Web page caption snippets:

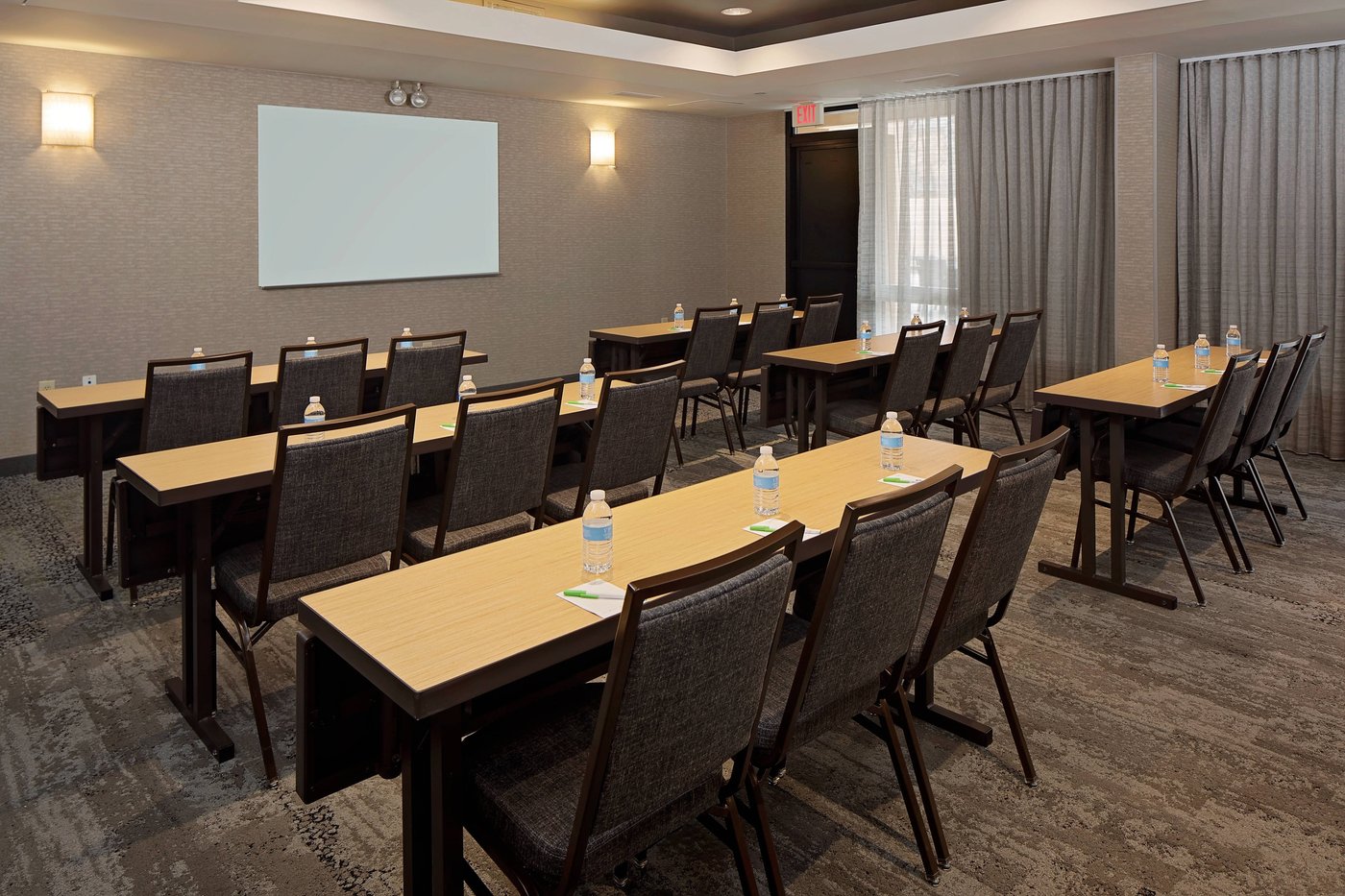 코트야드 바이 메리어트 리치먼드 에어포트 (Courtyard by Marriott Richmond Airport, 샌드스톤) - 호텔 리뷰 & 가격 비교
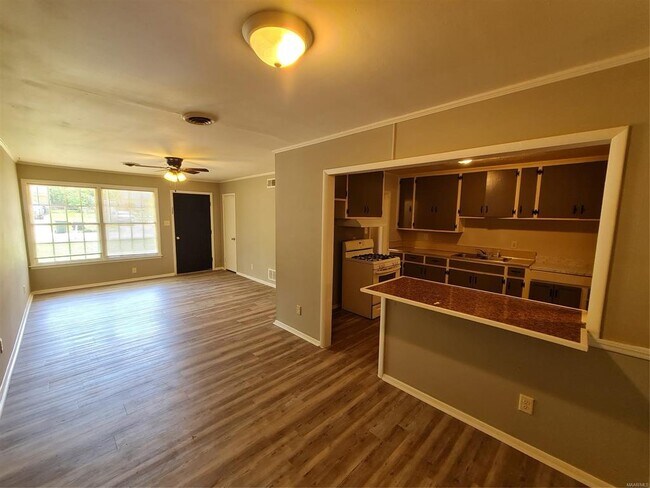 Foto del edificio - 1128 Karen Rd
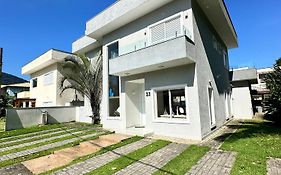 Casa Alto Padrão em Ubatuba em Condomínio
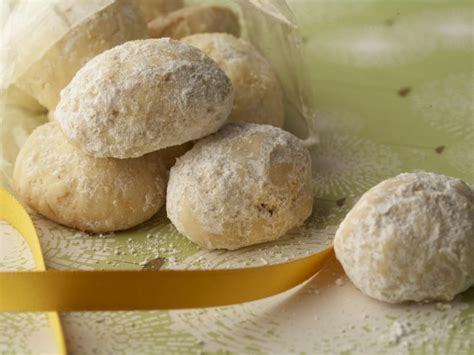 kourabiedes-greece-walnut-sugar-cookies-food image
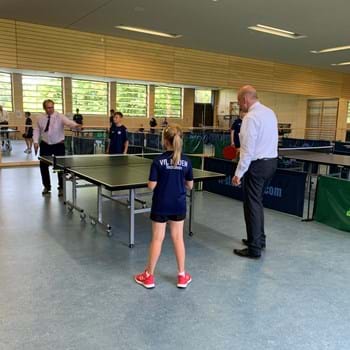Landrat und Bürgermeister besuchen Tischtennis-Kids des VfL beim Ferientraining im Gymnasium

PROBLEM:
All records above need to be returned exactly. Omit the pictures.

TASK ANSWER:
 코트야드 바이 메리어트 리치먼드 에어포트 (Courtyard by Marriott Richmond Airport, 샌드스톤) - 호텔 리뷰 & 가격 비교
 Foto del edificio - 1128 Karen Rd
 Casa Alto Padrão em Ubatuba em Condomínio
 kourabiedes-greece-walnut-sugar-cookies-food image
Landrat und Bürgermeister besuchen Tischtennis-Kids des VfL beim Ferientraining im Gymnasium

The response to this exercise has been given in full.